C’est donc parfaitement à l’heure et tout à fait concentrés que nous avons pu entendre le Concerto Soave dirigé par le claveciniste Jean-Marc Aymes dans un répertoire entièrement monteverdien. C’est sur instruments anciens, archiluth, harpe et viole de gambe en tête, et portés par les trois voix exceptionnelles de la soprano argentine Maria Cristina Kiehr et des barytons suisse et italien Stephan McLeod et Furio Zanasi que nous nous sommes laissés envoûter par des thèmes mythologiques et amoureux. l’objectif du concert était aussi de nous prouver qu’il y avait un côté Caravage dans la peinture naturaliste des émotions que propose la musique de Monteverdi. Une démonstration qui a commencé en douceur par un duo des deux barytons argumentant, note après note que « Tout amoureux est un guerrier », et qui s’est poursuivi par deux morceaux de bravoures. D’abord, les 20 minutes de la bataille de Tancrède et Clorinde, épisode adapté de la Jérusalem Libérée où sensualité et foi coexistent et qui prend la forme d’un madrigal entièrement chanté et récité par l’excellent Zanasi.

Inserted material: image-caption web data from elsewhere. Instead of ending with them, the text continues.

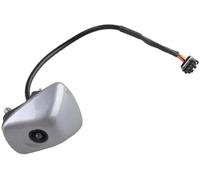 Yurefax Reverse Camera, for Kia, for Rio Car Rear View Parking Assist Backup 957601W500 95760A2520 957601W550 Rear View Backup Camera(Grey)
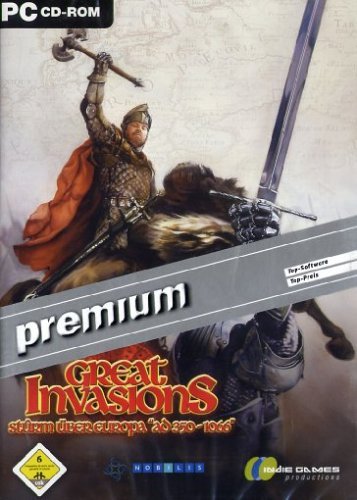 Great Invasions (PC)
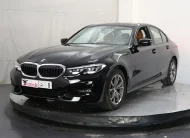 BMW Série 3 318d Lounge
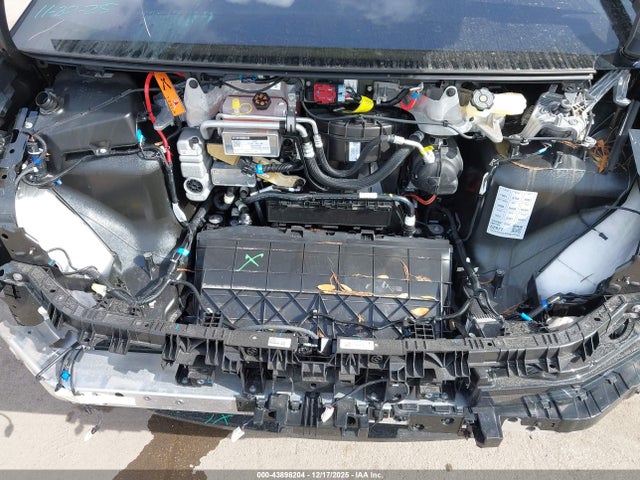 2025 TESLA CYBERTRUCK 7G2CEHED4SA072245 Photo 9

Puis après une brève pause, la voix époustouflante de la charismatique  Maria Cristina Kiehr est entrée sur le devant de la scène. La flamboyante soprano, à qui l’on doit de nombreux enregistrements de musique ancienne chez Harmonia Mundi, dont le fameux « Maddalena a piedi di christo » de Caldara dirigé par René Jacobs, a revécu dans chaque fraction de son chant et de son jeu habités l’abandon d’Ariane par Thésée, dans le fameux Lamento de Claudio Monteverdi. Encore une quinzaine de minutes de chagrin-cristal où nous avons retenu notre souffle, reprenant de l’oxygène pendant le sublime chœur formé par le duo des barytons. La fin du spectacle a été plus léger, les trois voix se mêlant avec grâce sur les envolées scherzo de l’orchestre pour des thèmes amoureux et printaniers qui ont finalement culminé avec, en bis, une ode au vin et à la vie.

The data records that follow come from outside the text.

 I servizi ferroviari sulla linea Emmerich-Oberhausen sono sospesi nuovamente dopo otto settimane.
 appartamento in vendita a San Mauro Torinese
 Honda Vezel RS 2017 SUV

Le Concerto Soave ayant terminé vers 21h15, nous avions devant nous une quarantaine de minutes pour nous élancer à la découverte de la ville de Saintes. Marchant vers la Charente, nous avons pu voir les superbes vestiges gallo-romains dont l’Arc de Germanicus datant du premier siècle et sauvé en 1843 de travaux par l’intervention de l’écrivain Prosper Merimée. Dans la lumière douce de la tombée de la nuit, ces traces du passé antique de la ville nous ont pleinement enchantés.

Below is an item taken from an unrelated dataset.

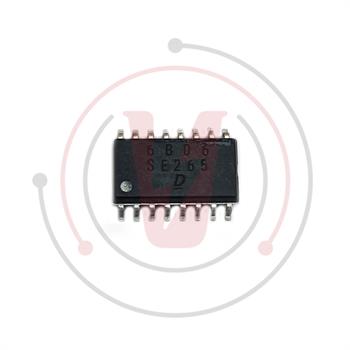 آی سی درایور خودرو SE265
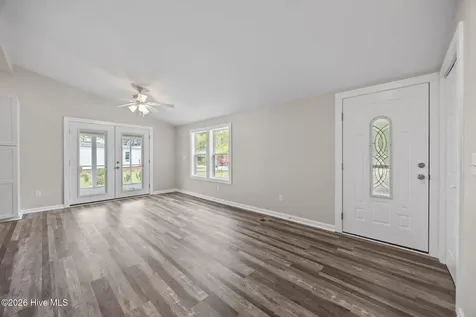 108 Park Avenue Beaufort NC 28516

Après cette petite marche dans le temps, nous avons agréablement sauté par-dessus les quelques décennies qui séparent Monteverdi de Schubert pour nous plonger avec le pianiste Bertrand Chamayou dans un répertoire pleinement romantique. Dans un silence et une attention qui semble être la règle d’or à Saintes, et devant une abbaye toujours comble, le « soliste instrumental de l’année » 2011 aux Victoires de la musique classique a commencé par 12 Ländler énergiques de Schubert avant de se plonger dans l’une des œuvres les plus impressionnantes au piano : la « Wanderer fantasie » que Liszt avait même projeté d’adapter pour piano et orchestre plutôt que pour simple piano. Avec une virtuosité impressionnante dans un morceau mythique, notamment pour son très difficile final, le pianiste de 32 ans a su transmettre la gravité et les subtils changements d’humeur des 4 mouvements de cette véritable petite symphonie pour piano seul.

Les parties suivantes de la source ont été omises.